=== Section Start ===

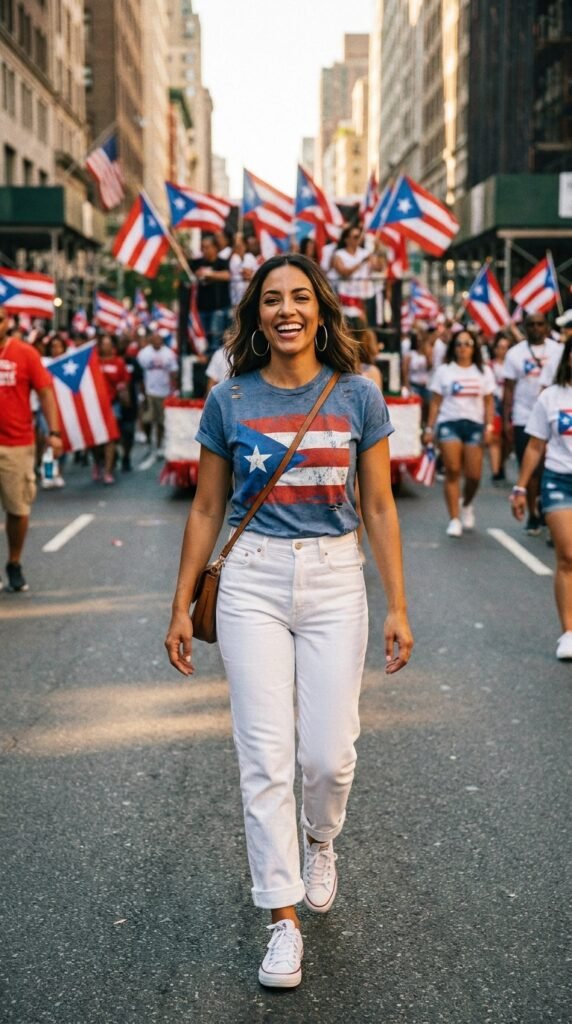 Puerto Rican Flag Tee & White Jeans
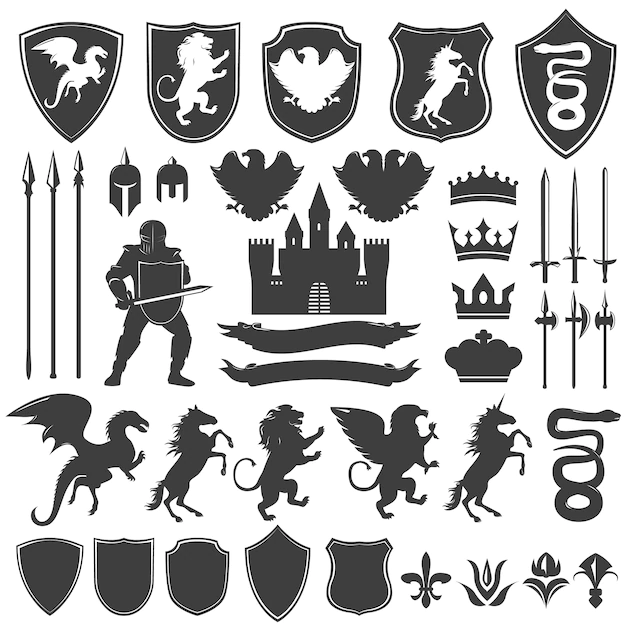 Free Vector | Heraldry decorative graphic icons set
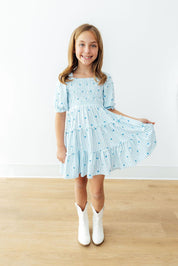 Blueberry Kisses Smocked Ruffle Dress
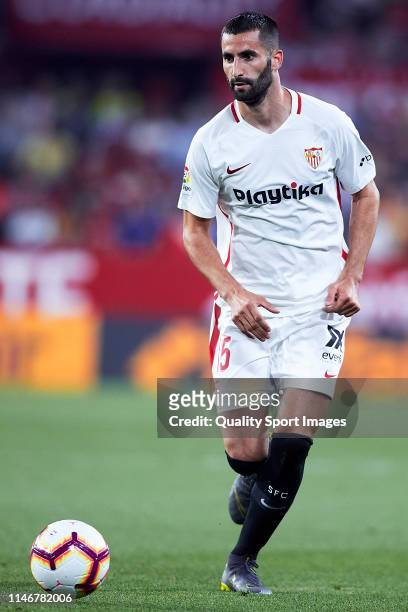 Maxime Gonalons of Sevilla FC in action during the La Liga match between Sevilla FC and CD Leganes at Estadio Ramon Sanchez Pizjuan on May 03, 2019...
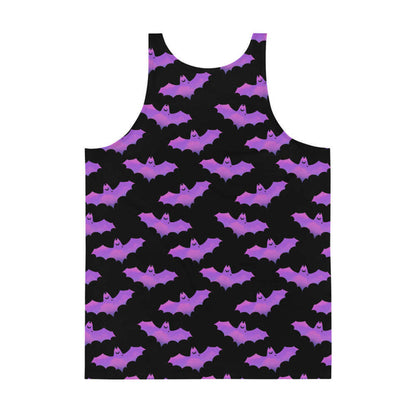 Aensland gothic men's tank top in pink with dusky bats and soft clouds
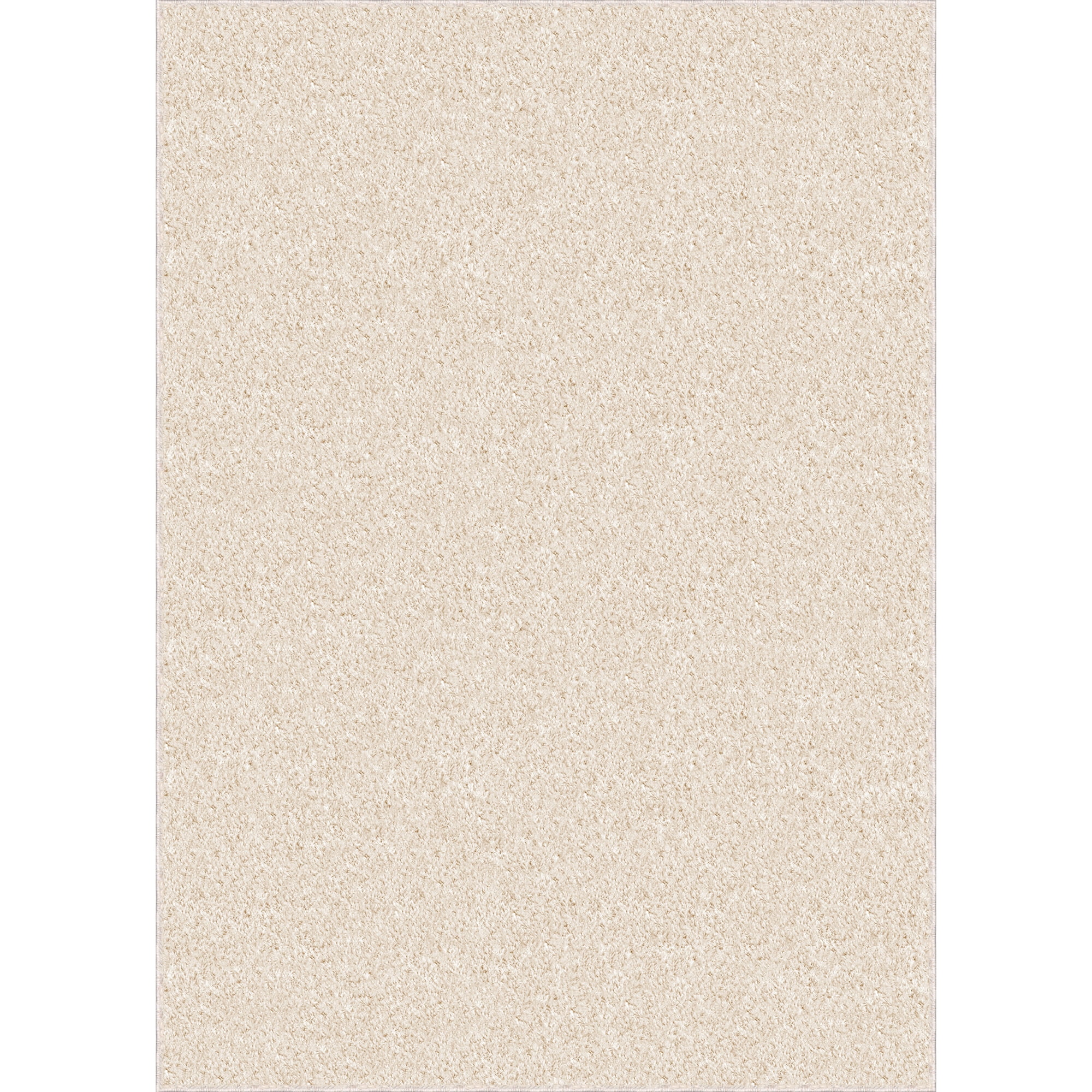 Mainstays Microfiber Plush Shag Area Rug, Ivory, 5' x 7'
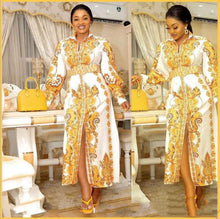 Load image into Gallery viewer, African Printed Long-sleeved Dress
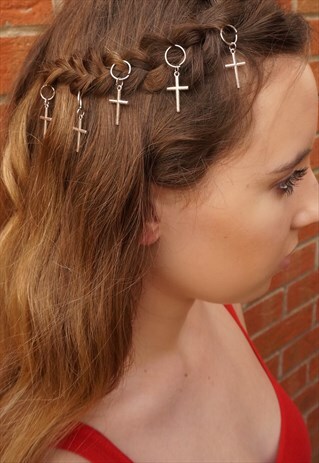 5 PACK OF SILVER HAIR CROSS CHARMS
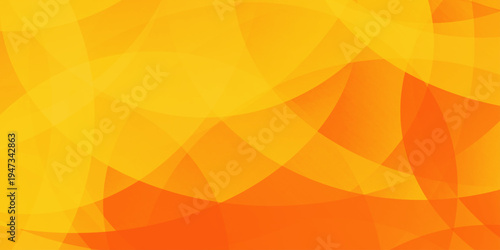 Abstract orange and yellow background with overlapping transparent circles and geometric curves for modern graphic design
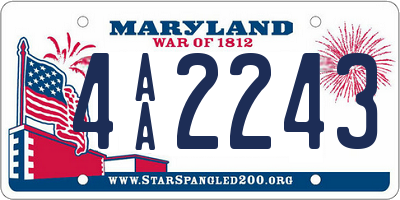 MD license plate 4AA2243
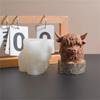 Yak Kopf Statue Silikon Kerzenformen für Epoxidharz Handgemachte Kerze Seife Topfpflanzenvase Heimdekoration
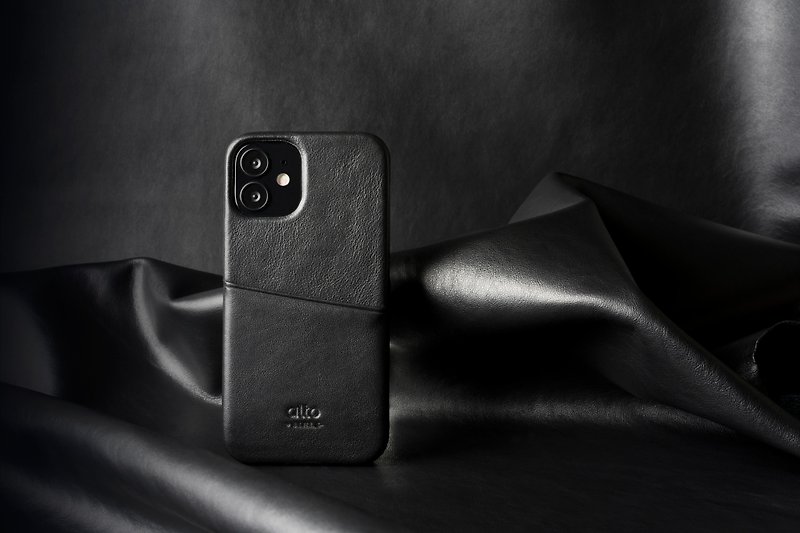 Alto Metro カードポケット付き革製携帯ケース iPhone 12 mini - 黒 - スマホケース - 革 ブラック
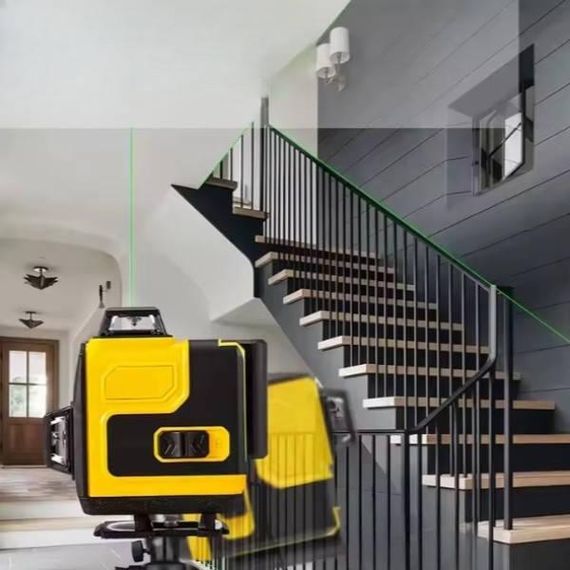 Лазерний рівень акумуляторний 16 ліній KRAFFTEC Чорний з жовтим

=== Section End ===

**EXERCISE DIRECTIONS**
Repeat the records word for word. Leave out whatever pictures they hold.

**SOLUTION TO THE PROBLEM**
 Puerto Rican Flag Tee & White Jeans
 Free Vector | Heraldry decorative graphic icons set
 Blueberry Kisses Smocked Ruffle Dress
 Maxime Gonalons of Sevilla FC in action during the La Liga match between Sevilla FC and CD Leganes at Estadio Ramon Sanchez Pizjuan on May 03, 2019...
 Aensland gothic men's tank top in pink with dusky bats and soft clouds
 Mainstays Microfiber Plush Shag Area Rug, Ivory, 5' x 7'
 Load image into Gallery viewer, African Printed Long-sleeved Dress
 5 PACK OF SILVER HAIR CROSS CHARMS
 Abstract orange and yellow background with overlapping transparent circles and geometric curves for modern graphic design
 MD license plate 4AA2243
 Yak Kopf Statue Silikon Kerzenformen für Epoxidharz Handgemachte Kerze Seife Topfpflanzenvase Heimdekoration
 Alto Metro カードポケット付き革製携帯ケース iPhone 12 mini - 黒 - スマホケース - 革 ブラック
 Лазерний рівень акумуляторний 16 ліній KRAFFTEC Чорний з жовтим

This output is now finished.